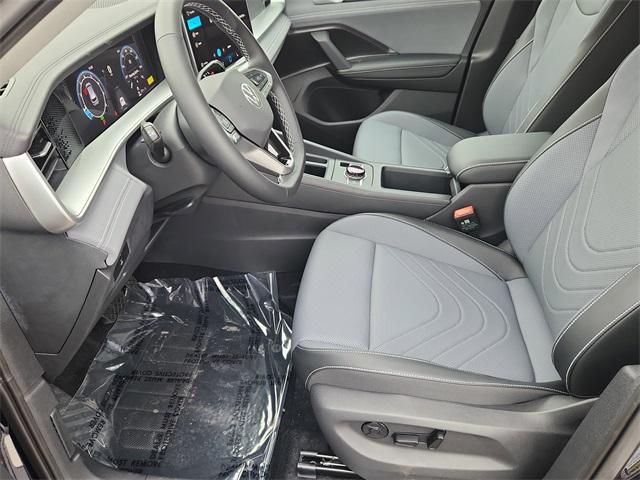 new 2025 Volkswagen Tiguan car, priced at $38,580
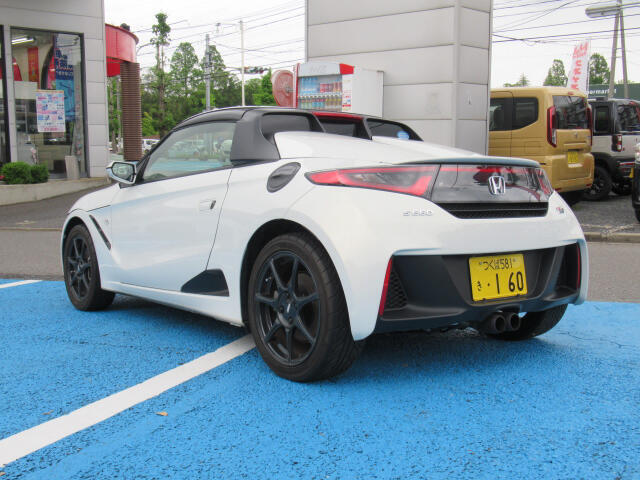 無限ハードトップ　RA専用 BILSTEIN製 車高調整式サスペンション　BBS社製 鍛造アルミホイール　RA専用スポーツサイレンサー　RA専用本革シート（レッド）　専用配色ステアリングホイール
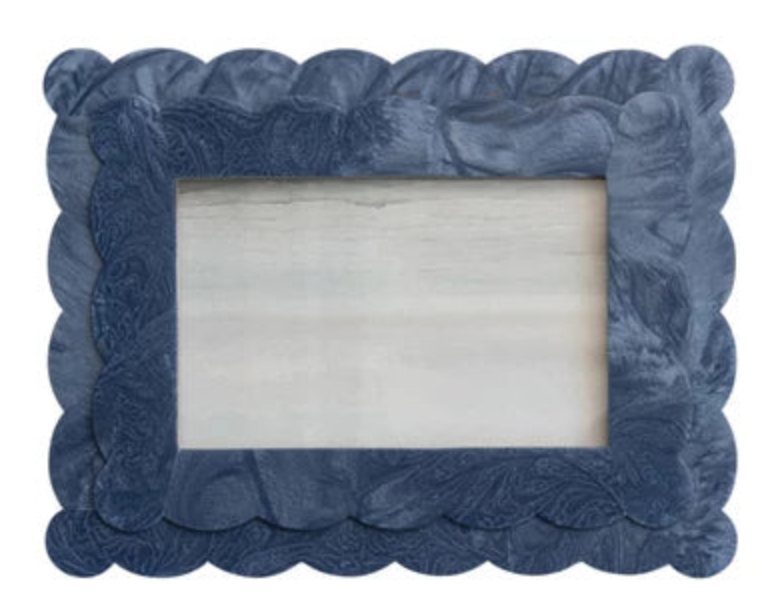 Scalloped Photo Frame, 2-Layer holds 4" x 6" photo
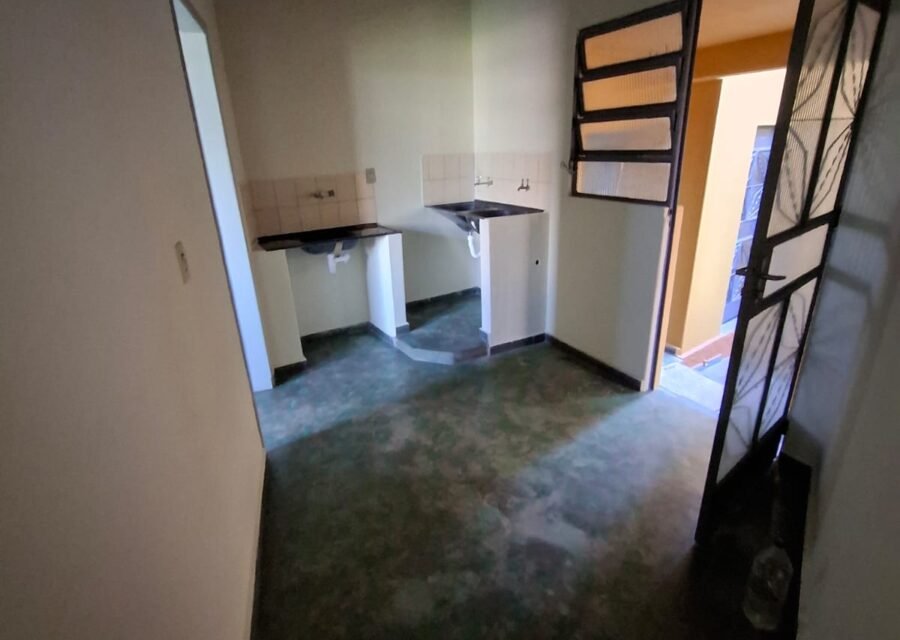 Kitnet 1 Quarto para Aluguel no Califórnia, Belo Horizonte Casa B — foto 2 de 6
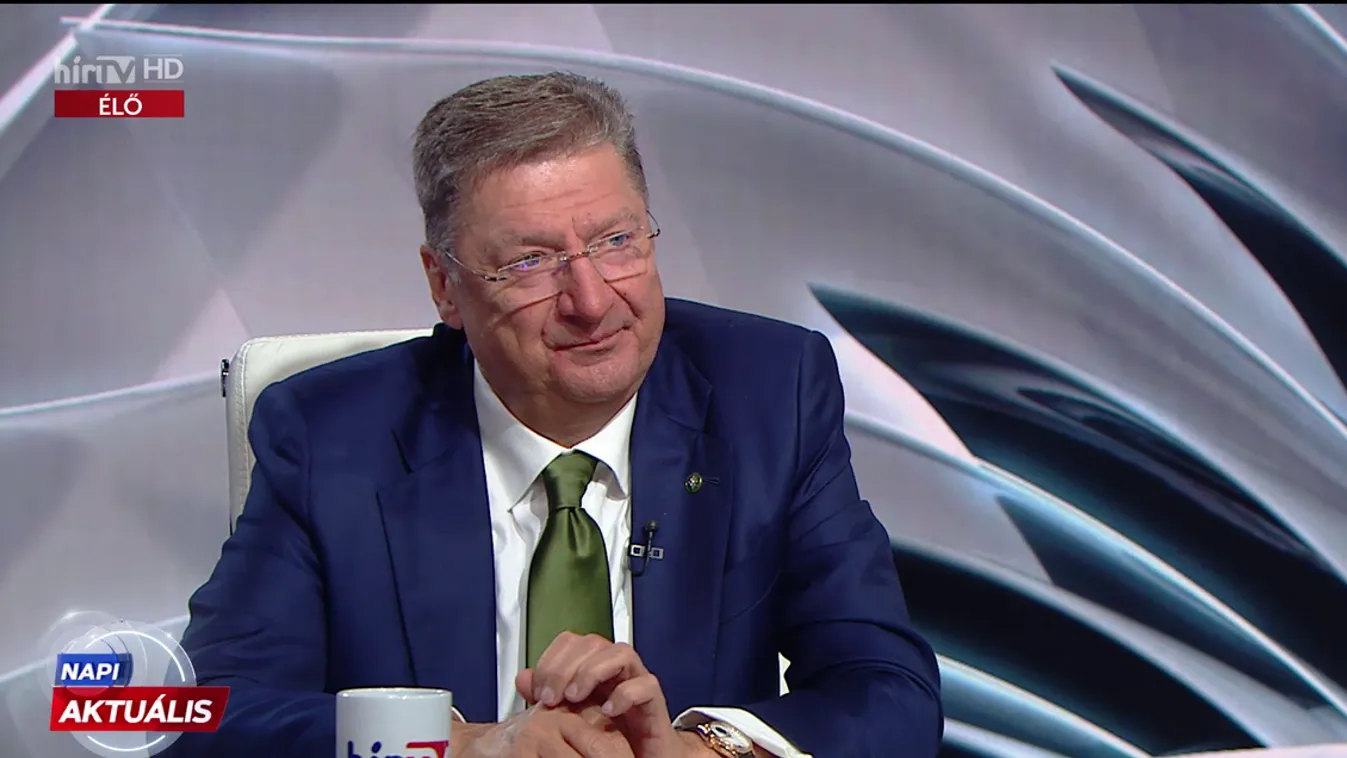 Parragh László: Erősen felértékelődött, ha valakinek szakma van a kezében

==

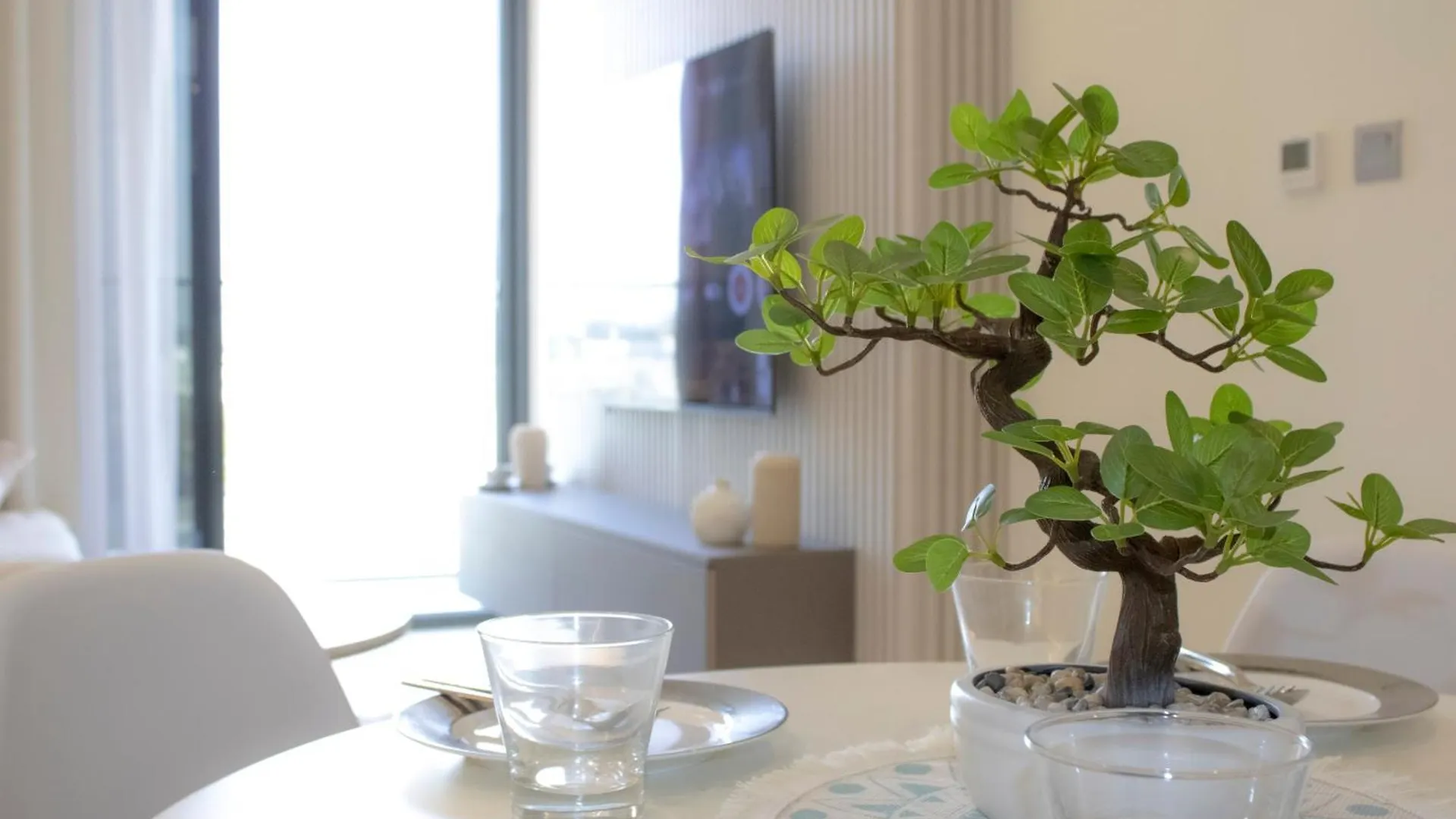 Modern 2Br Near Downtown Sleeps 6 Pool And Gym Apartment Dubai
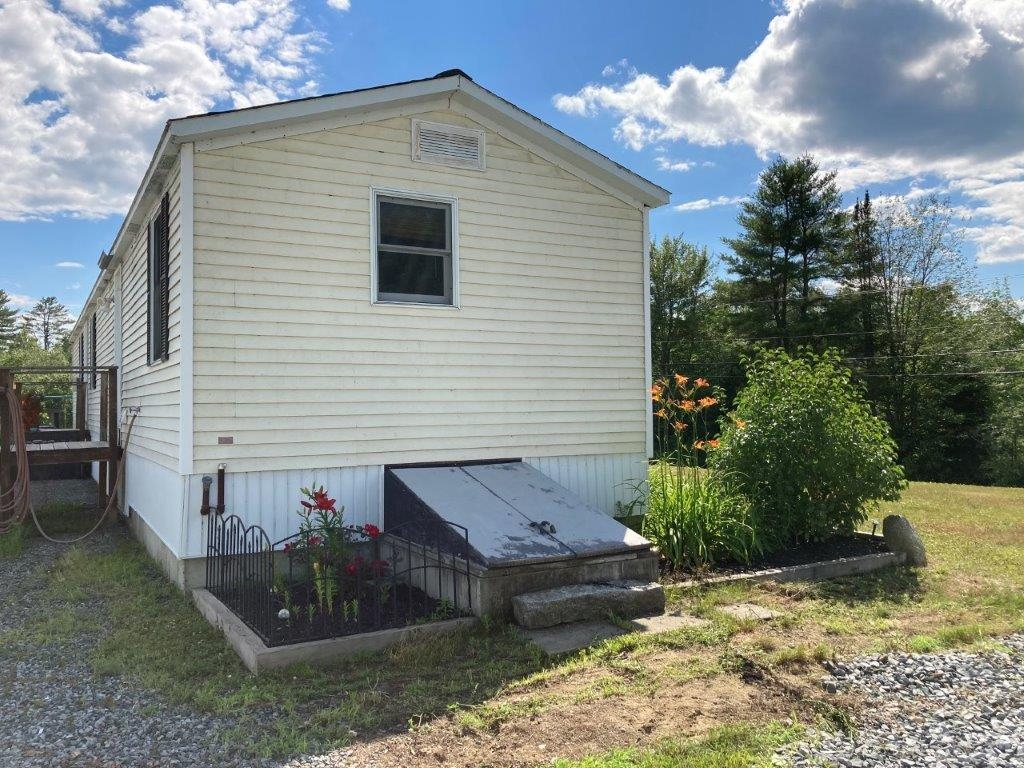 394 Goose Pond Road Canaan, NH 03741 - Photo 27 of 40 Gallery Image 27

==

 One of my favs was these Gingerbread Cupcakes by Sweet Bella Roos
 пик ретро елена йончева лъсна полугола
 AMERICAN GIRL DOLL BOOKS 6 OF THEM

▶ Task objective: The answer must be the part of the records that opens with the line containing "Scalloped Photo Frame, 2-Layer" and closes with the line containing "Parragh László: Erősen", reproduced exactly, with no pictures.

▶ Response:
 Scalloped Photo Frame, 2-Layer holds 4" x 6" photo
 Kitnet 1 Quarto para Aluguel no Califórnia, Belo Horizonte Casa B — foto 2 de 6
 Parragh László: Erősen felértékelődött, ha valakinek szakma van a kezében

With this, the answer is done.